Accepted for publication in January 2012.
Copyright © American Psychiatric Association
To the Editor: The editorial by Dan Blazer, M.D., Ph.D., in the January issue (1) deserves commendation for highlighting an important issue we tend to avoid. Depression is a leading cause of disability worldwide, and in light of high rates of insufficient response to antidepressants, nonpharmacological treatment approaches should be more fully explored and implemented.
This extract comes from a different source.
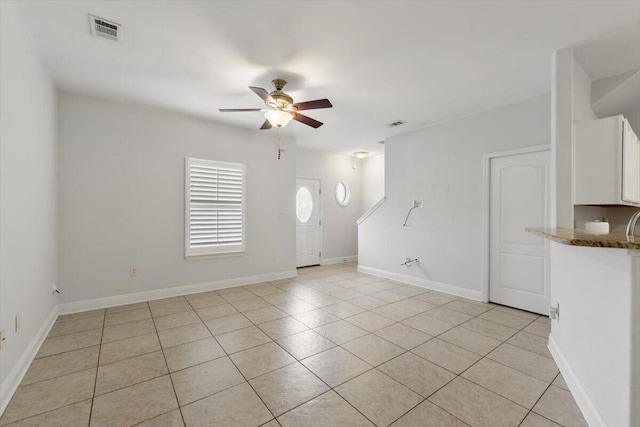 spare room featuring light tile patterned flooring, visible vents, baseboards, and ceiling fan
Dr. Blazer's editorial raises the question of how a psychiatrist should incorporate an assessment of the patient's religion and spirituality into the overall clinical evaluation. Although reimbursement limitations and other practical considerations are typically blamed for the limited discussion of these issues, there may be other reasons as well. Studies have shown, for example, that psychiatrists are less religious and show less religious affiliation relative to their patients or to the population in general (2–4). Omitting an assessment of the patient's religious views and spirituality, however, can result in deeply misunderstanding the patient's values and preferences.
Today we acknowledge that faith, belief, and trust strengthen the backbone of psychological well-being. Religious and spiritual beliefs and values can influence the course of psychiatric disorders. Rapprochement may best be achieved by raising psychiatric awareness and knowledge of the basic concepts of religion and spirituality and by having a willingness to embrace intellectual, cultural, and religious pluralism (5). The need for understanding has never been greater than at present, when our world's very survival is threatened by conflicts associated with the clash of cultures and values.
This article highlights the importance of providing such knowledge to psychiatrists in training. Our patients, our profession, and ultimately our world stand only to gain from such increased understanding.